Günümüzde kıdem tazminatı çok tartışılıyor; ancak geçmişi yeterince bilinmiyor.
KIDEM TAZMİNATININ ÖNCÜLERİ
Kıdem tazminatı ilk olarak İnhisarlar İdaresi çalışanlarına tanınan bir haktı. 24 Mart 1932 gün ve 1935 sayılı Devlet Tarafından İdare Olunan İnhisarlar Memur ve Müstahdemlerinden Vazifelerinden Ayrılanlara Verilecek Tazminata Dair Kanun ile işten çıkarılan memur ve müstahdemlere, hizmet müddeti iki seneye kadar olanlara bir aylık ücretleri, hizmet müddeti iki seneden fazla olanlara bir aylık ve iki yıldan sonraki her yıl için aylığın dörtte biri oranında bir tazminat verilmesi öngörüldü. Sümerbank işçilerine de 1933 yılında kıdem tazminatı hakkı tanındı. Sümerbank işyerlerinde 1933 sonrasında uygulanan Sümerbank Fabrikaları Müstahdemin Usta ve İşçilere Ait Hastalık ve Vefat Yardımı Talimatnamesine göre, işçinin hizmet akdinin belirli koşullarda işçi veya işveren tarafından feshedilmesi veya işçinin emekliye ayrılması durumunda, ilk sene için 30 ve daha sonraki her bir yıl için 10 yevmiye tutarında "terki hizmet tazminatı" ödenmesi öngörülüyordu.
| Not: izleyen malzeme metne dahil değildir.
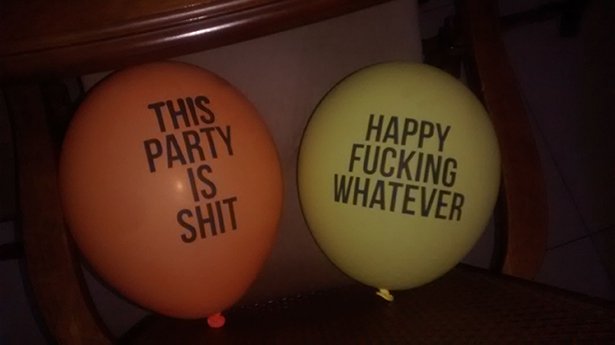 party is shit happy fucking whatever - This Party Happy Fucking Whatever Shit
Diğer bir deyişle, İş Kanununda yer almayan kıdem tazminatı işyerinde uygulanıyordu.
1936 YILINDA İŞ KANUNU VE DİĞER KANUNLAR
1936 yılında kabul edilen ve 1937 yılında yürürlüğe giren 3008 sayılı İş Kanununda ihbar önelleri 13. maddede düzenlenmişti. Kıdemi beş seneden fazla olan işçiye, ihbar tazminatına ek olarak her bir tam iş senesi için ayrıca onbeş günlük ücret tutarında bir tazminat ödenecekti (kıdem tazminatı). Bu hak daha sonraki yıllarda kademe kademe genişletildi. 15 Haziran 1938 gün ve 3456 sayılı Noter Kanunu da kıdem tazminatı ödenmesini öngörüyordu(M.70): "Noter dairesinde iyi surette çalışmış olan katiblere kendilerine isnad olunamayan hastalık vesair sebeplerden dolayı vazifelerinden çıkarılmaları halinde, sekiz yıldan on beş yıla kadar hizmeti olanlara son aldıkları aylık ücretin üç misli, on beş yıldan yirmi yıla kadar hizmeti olanlara dört misli ve yirmi yıldan yirmi beş yıla kadar hizmeti olanlara altı misli ve yirmi beş yıl ve daha fazla hizmeti olanlara da bir senelik ücretleri tutarı ikramiye olarak verilir. Bu hüküm noter katiblerinin ölümü halinde de caridir."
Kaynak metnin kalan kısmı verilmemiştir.